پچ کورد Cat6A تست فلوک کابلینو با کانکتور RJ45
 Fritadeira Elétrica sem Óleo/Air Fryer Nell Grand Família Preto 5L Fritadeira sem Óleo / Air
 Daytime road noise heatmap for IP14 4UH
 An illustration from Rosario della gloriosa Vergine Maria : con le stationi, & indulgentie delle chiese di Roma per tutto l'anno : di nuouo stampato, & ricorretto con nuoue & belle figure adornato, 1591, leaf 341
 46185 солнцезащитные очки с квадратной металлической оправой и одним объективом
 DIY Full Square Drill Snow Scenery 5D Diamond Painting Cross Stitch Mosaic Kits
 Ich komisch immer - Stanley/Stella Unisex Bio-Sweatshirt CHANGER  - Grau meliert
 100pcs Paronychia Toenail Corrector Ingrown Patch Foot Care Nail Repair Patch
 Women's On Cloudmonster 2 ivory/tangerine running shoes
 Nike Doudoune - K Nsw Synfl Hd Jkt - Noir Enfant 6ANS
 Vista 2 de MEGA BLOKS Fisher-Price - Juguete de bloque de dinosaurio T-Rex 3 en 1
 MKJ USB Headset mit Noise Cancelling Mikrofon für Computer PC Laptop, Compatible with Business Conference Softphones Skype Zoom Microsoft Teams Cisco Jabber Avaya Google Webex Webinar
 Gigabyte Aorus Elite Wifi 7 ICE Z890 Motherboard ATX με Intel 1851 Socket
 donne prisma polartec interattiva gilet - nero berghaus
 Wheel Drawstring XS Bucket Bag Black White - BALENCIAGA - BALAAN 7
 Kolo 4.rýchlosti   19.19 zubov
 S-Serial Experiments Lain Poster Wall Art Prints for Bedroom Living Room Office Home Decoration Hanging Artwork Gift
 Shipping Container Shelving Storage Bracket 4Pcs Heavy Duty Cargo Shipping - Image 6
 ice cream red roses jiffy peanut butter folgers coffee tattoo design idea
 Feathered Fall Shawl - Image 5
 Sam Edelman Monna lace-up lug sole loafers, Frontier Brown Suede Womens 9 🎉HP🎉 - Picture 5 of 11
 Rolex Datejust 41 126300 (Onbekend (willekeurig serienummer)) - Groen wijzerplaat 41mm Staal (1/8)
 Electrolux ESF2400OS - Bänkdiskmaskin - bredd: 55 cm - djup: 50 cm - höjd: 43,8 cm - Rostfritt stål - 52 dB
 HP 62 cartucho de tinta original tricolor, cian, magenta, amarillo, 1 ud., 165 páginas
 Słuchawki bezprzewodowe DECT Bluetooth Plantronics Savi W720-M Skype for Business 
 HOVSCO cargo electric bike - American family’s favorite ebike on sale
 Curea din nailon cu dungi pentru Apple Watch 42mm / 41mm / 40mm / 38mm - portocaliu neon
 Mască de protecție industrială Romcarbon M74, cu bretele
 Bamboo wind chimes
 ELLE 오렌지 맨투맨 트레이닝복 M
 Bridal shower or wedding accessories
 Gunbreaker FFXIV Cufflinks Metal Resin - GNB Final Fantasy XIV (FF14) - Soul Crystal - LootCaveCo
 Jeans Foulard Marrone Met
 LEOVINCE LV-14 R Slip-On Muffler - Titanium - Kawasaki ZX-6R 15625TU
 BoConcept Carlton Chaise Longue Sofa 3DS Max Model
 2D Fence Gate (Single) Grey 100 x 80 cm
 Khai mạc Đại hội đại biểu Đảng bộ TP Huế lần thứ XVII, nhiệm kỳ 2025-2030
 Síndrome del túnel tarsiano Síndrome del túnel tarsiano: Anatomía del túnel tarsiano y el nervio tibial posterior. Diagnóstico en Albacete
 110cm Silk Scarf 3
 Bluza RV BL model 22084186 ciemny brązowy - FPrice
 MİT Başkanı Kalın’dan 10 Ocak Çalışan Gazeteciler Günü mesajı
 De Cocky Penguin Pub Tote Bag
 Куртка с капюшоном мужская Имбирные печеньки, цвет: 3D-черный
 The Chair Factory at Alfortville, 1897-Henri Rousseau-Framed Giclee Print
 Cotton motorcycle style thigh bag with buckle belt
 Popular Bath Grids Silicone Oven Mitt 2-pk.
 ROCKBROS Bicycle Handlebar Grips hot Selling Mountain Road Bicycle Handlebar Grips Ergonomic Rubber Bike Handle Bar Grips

==================================================

■ Assigned task: Could you repeat every record above exactly as it appears?

■ Result of the exercise:
پچ کورد Cat6A تست فلوک کابلینو با کانکتور RJ45
 Fritadeira Elétrica sem Óleo/Air Fryer Nell Grand Família Preto 5L Fritadeira sem Óleo / Air
 Daytime road noise heatmap for IP14 4UH
 An illustration from Rosario della gloriosa Vergine Maria : con le stationi, & indulgentie delle chiese di Roma per tutto l'anno : di nuouo stampato, & ricorretto con nuoue & belle figure adornato, 1591, leaf 341
 46185 солнцезащитные очки с квадратной металлической оправой и одним объективом
 DIY Full Square Drill Snow Scenery 5D Diamond Painting Cross Stitch Mosaic Kits
 Ich komisch immer - Stanley/Stella Unisex Bio-Sweatshirt CHANGER  - Grau meliert
 100pcs Paronychia Toenail Corrector Ingrown Patch Foot Care Nail Repair Patch
 Women's On Cloudmonster 2 ivory/tangerine running shoes
 Nike Doudoune - K Nsw Synfl Hd Jkt - Noir Enfant 6ANS
 Vista 2 de MEGA BLOKS Fisher-Price - Juguete de bloque de dinosaurio T-Rex 3 en 1
 MKJ USB Headset mit Noise Cancelling Mikrofon für Computer PC Laptop, Compatible with Business Conference Softphones Skype Zoom Microsoft Teams Cisco Jabber Avaya Google Webex Webinar
 Gigabyte Aorus Elite Wifi 7 ICE Z890 Motherboard ATX με Intel 1851 Socket
 donne prisma polartec interattiva gilet - nero berghaus
 Wheel Drawstring XS Bucket Bag Black White - BALENCIAGA - BALAAN 7
 Kolo 4.rýchlosti   19.19 zubov
 S-Serial Experiments Lain Poster Wall Art Prints for Bedroom Living Room Office Home Decoration Hanging Artwork Gift
 Shipping Container Shelving Storage Bracket 4Pcs Heavy Duty Cargo Shipping - Image 6
 ice cream red roses jiffy peanut butter folgers coffee tattoo design idea
 Feathered Fall Shawl - Image 5
 Sam Edelman Monna lace-up lug sole loafers, Frontier Brown Suede Womens 9 🎉HP🎉 - Picture 5 of 11
 Rolex Datejust 41 126300 (Onbekend (willekeurig serienummer)) - Groen wijzerplaat 41mm Staal (1/8)
 Electrolux ESF2400OS - Bänkdiskmaskin - bredd: 55 cm - djup: 50 cm - höjd: 43,8 cm - Rostfritt stål - 52 dB
 HP 62 cartucho de tinta original tricolor, cian, magenta, amarillo, 1 ud., 165 páginas
 Słuchawki bezprzewodowe DECT Bluetooth Plantronics Savi W720-M Skype for Business 
 HOVSCO cargo electric bike - American family’s favorite ebike on sale
 Curea din nailon cu dungi pentru Apple Watch 42mm / 41mm / 40mm / 38mm - portocaliu neon
 Mască de protecție industrială Romcarbon M74, cu bretele
 Bamboo wind chimes
 ELLE 오렌지 맨투맨 트레이닝복 M
 Bridal shower or wedding accessories
 Gunbreaker FFXIV Cufflinks Metal Resin - GNB Final Fantasy XIV (FF14) - Soul Crystal - LootCaveCo
 Jeans Foulard Marrone Met
 LEOVINCE LV-14 R Slip-On Muffler - Titanium - Kawasaki ZX-6R 15625TU
 BoConcept Carlton Chaise Longue Sofa 3DS Max Model
 2D Fence Gate (Single) Grey 100 x 80 cm
 Khai mạc Đại hội đại biểu Đảng bộ TP Huế lần thứ XVII, nhiệm kỳ 2025-2030
 Síndrome del túnel tarsiano Síndrome del túnel tarsiano: Anatomía del túnel tarsiano y el nervio tibial posterior. Diagnóstico en Albacete
 110cm Silk Scarf 3
 Bluza RV BL model 22084186 ciemny brązowy - FPrice
 MİT Başkanı Kalın’dan 10 Ocak Çalışan Gazeteciler Günü mesajı
 De Cocky Penguin Pub Tote Bag
 Куртка с капюшоном мужская Имбирные печеньки, цвет: 3D-черный
 The Chair Factory at Alfortville, 1897-Henri Rousseau-Framed Giclee Print
 Cotton motorcycle style thigh bag with buckle belt
 Popular Bath Grids Silicone Oven Mitt 2-pk.
 ROCKBROS Bicycle Handlebar Grips hot Selling Mountain Road Bicycle Handlebar Grips Ergonomic Rubber Bike Handle Bar Grips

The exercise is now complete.